- _Your task_
Repeat the records given below in full, with no changes.
*** Opening of Information supplied ***
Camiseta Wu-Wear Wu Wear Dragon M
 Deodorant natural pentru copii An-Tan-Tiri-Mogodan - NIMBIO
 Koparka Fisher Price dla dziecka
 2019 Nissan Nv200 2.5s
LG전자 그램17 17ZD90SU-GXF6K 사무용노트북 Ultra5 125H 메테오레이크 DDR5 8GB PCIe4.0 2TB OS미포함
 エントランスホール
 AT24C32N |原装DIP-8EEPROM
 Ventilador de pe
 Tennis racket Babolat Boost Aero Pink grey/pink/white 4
*** Close of Information supplied ***
- _Solution below_
Camiseta Wu-Wear Wu Wear Dragon M
 Deodorant natural pentru copii An-Tan-Tiri-Mogodan - NIMBIO
 Koparka Fisher Price dla dziecka
 2019 Nissan Nv200 2.5s
LG전자 그램17 17ZD90SU-GXF6K 사무용노트북 Ultra5 125H 메테오레이크 DDR5 8GB PCIe4.0 2TB OS미포함
 エントランスホール
 AT24C32N |原装DIP-8EEPROM
 Ventilador de pe
 Tennis racket Babolat Boost Aero Pink grey/pink/white 4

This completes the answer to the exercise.